If the charity uses the car in its operations or materially
improves it before selling, your deduction will be based on the car’s fair
market value at the time of the donation. In that case, fair market value is
usually set according to the Blue Book listings.
In these cases, the IRS will accept the Blue Book value or
another established used car pricing guide for a car that’s the same make,
model, and year, sold in the same area and in the same condition, as the car
you donated. In some cases, this value may exceed the amount you could get on a
sale.
However, if the car is in poor condition, needs substantial
repairs or is unsafe to drive, and the pricing guide only lists prices for cars
in average or better condition, the guide won’t set the car’s value for tax
purposes. Instead, you must establish the car’s market value by any reasonable
method. Many used car guides show how to adjust value for items such as
accessories or mileage.
You must itemize
In any case, you must itemize your deductions to get the tax
benefit. You can’t take a deduction for a car donation if you take the standard
deduction. Under the Tax Cuts and Jobs Act, fewer people are itemizing because
the law significantly increased the standard deduction amounts. So even if you
donate a car to charity, you may not get any tax benefit, because you don’t
have enough itemized deductions.
If you do donate a vehicle and itemize, be careful to
substantiate your deduction. Make sure the charity qualifies for tax
deductions. If it sells the car, you’ll need a written acknowledgment from the
organization with your name, tax ID number, vehicle ID number, gross proceeds
of sale and other information. The charity should provide you with this
acknowledgment within 30 days of the sale.

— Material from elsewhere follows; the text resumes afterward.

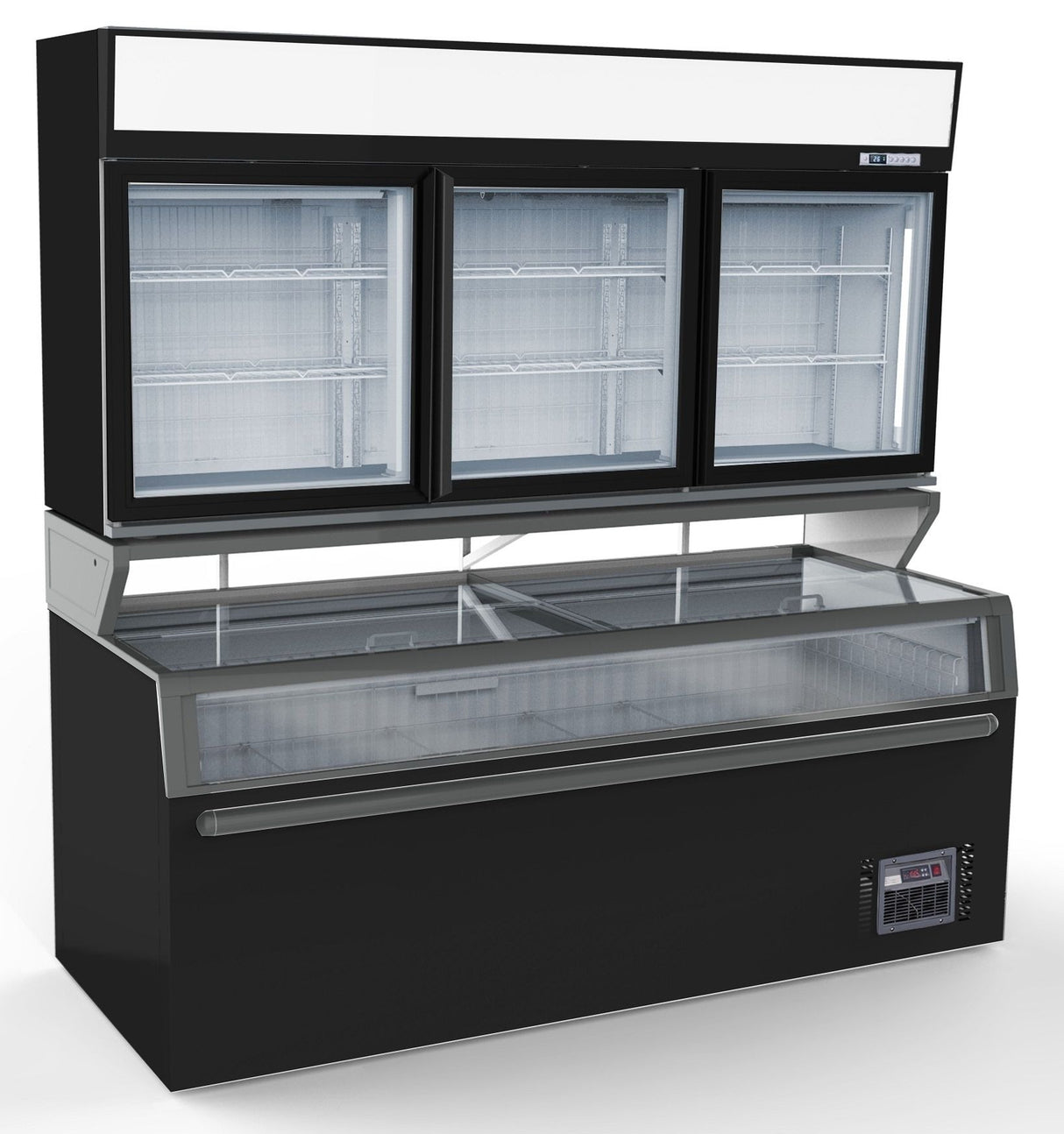 Combisteel Supermarket 3 Door Wall Freezer With Under Freezer - 7455.2535 Display Chest Freezers Combisteel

If, instead, the charity uses (or materially improves) the car,
the acknowledgment needs to certify the intended use (or improvement), along
with other information. This acknowledgment should be provided within 30 days
of the donation.
Consider all factors
Of course, a tax deduction isn’t the only reason for donating a
vehicle to charity. You may want to support a worthwhile organization. Or you
may like the convenience of having a charity pick up a car at your home on
short notice. But if you’re donating in order to claim a tax deduction, make
sure you understand all the ramifications. Contact us if you have questions.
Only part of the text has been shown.